U dient ingelogd te zijn om favorieten te kunnen toevoegen aan Mijn Jure
U kunt zich hier gratis registreren
Datum uitspraak:
Datum publicatie:
Zaaknummer:
Zittingsplaats:
Instantie:

Inhoudsindicatie:

beroep op art. 1:401 lid 4 BW toegewezen, behoefte foutief berekend door het Hof, volledige heroverweging van de alimentatie

Uitspraak



beschikking

RECHTBANK AMSTERDAM

Afdeling privaatrecht Team Familie & Jeugd

zaaknummer / rekestnummer: C/13/716576 / FA RK 22/2454 (bodemzaak)

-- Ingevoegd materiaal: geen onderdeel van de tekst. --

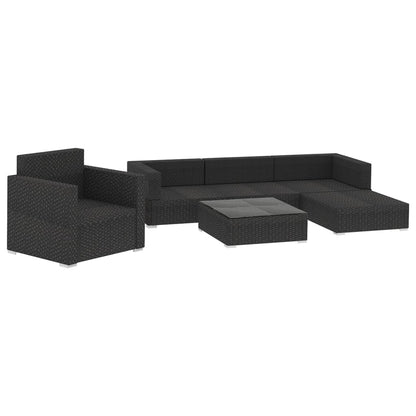 6 Piece Garden Lounge Set with Cushions Poly Rattan Black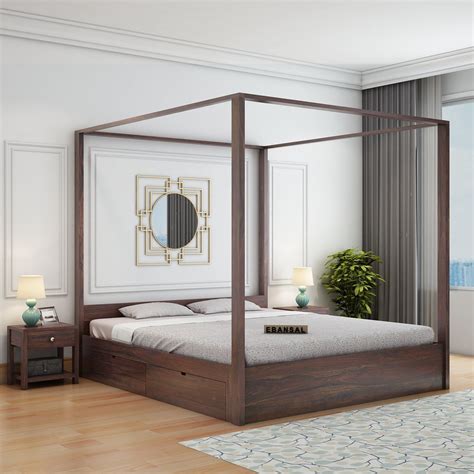 Solivo Solid Sheesham Wood Poster Bed With Four Drawers (Queen Size, W ...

C/13/716575 / FA RK 22/2453 (provisionele voorziening)

Beschikking van 22 november 2022 betreffende wijziging van alimentatie

in de zaak van:

[de man] ,

wonende te [woonplaats 1] ,

hierna te noemen: de man,

advocaat mr. W.N. Sardjoe te 's-Gravenhage,

tegen

[de vrouw] ,

wonende te [woonplaats 2] ,

hierna te noemen: de vrouw,

advocaat mr. H. Shawky te Amsterdam.

1 De procedure

1.1.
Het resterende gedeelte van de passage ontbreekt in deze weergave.